Storage and marketing considerations
In the high stakes game of quality standards, the marketability of your grain relies on knowing precisely the risks present. Neogen’s Frasco sums it up: “Testing is so important because it allows you to make better merchandising decisions. Identifying specific toxin levels so you can segregate grain at different levels of impact will help you sell one grade to ethanol facilities, another grade to cattle feeders and a different level to pet food manufacturers.”
But it’s not enough to test upon receiving, put it into storage and hope that nothing changes. In-bin mold growth can be as severe a problem as heightened incoming aflatoxin levels.
Dr. John L. Richard, former president and CEO and current consultant for Romer Labs of Union, MO, has worked for the USDA-ARS National Animal Disease Center, was a member of the faculty of toxicology at Iowa State University and was a research leader at the National Center for Agricultural Utilization Research. Richard recalls that aflatoxin was solely considered a storage problem until 1975 when it was found in Iowa corn as it was brought in from the field. Although it’s now known that most toxins take hold before the grain hits the storage bin, Richard warns that aflatoxin levels can rise afterward if poorly managed.

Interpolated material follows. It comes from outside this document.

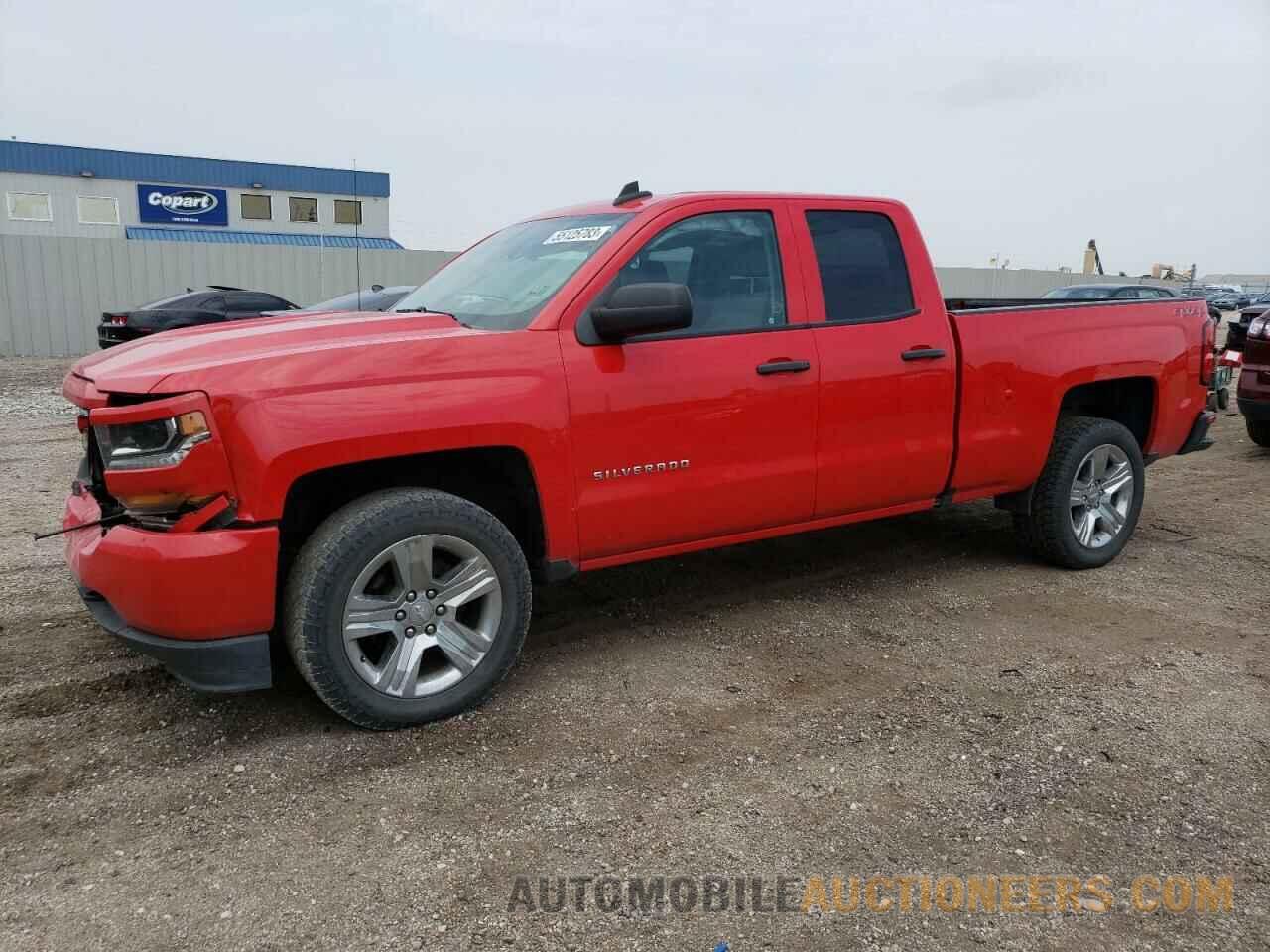 1GCVKPEC1JZ205240 CHEVROLET SILVERADO 2018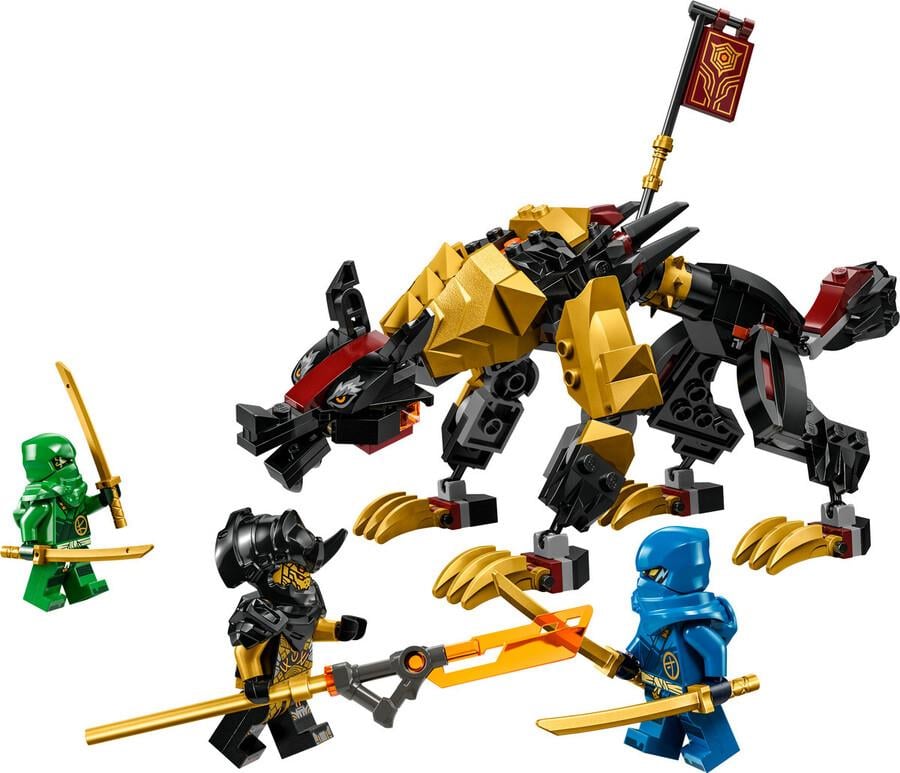 Lego Ninjago İmperium Ejderha Avcısı Tazı 71790 Lego LSL71790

“Corn should be dried down to 14% moisture level before going into the bin,” he says. “We also know broken kernels are likely to contain more toxins after harvest, so it’s a good idea to screen your corn and get rid of the fines before it goes into storage.”
It’s also wise to regularly test and monitor for changes in toxin levels as grain is transferred out of the bin and shipped out, carried over or blended. Just because it went into the bin at 20 ppb of aflatoxin, doesn’t mean it’s going to come out in that condition next spring or summer.
“Aflatoxin is produced by a living organism and it will grow in storage,” VICAM’s Cary states. “Sometimes it even grows better in storage than in the field, so in addition to safe storage practices, I would recommend testing when it goes in, repeating every three months after that and then when you ship it out to the end user.”
Keeping bins in top shape is Frasco’s last bit of advice. “Keep an eye out for bins with airflow issues or malfunctioning temperature cables. Anything wrong in the bin might impact toxin levels.”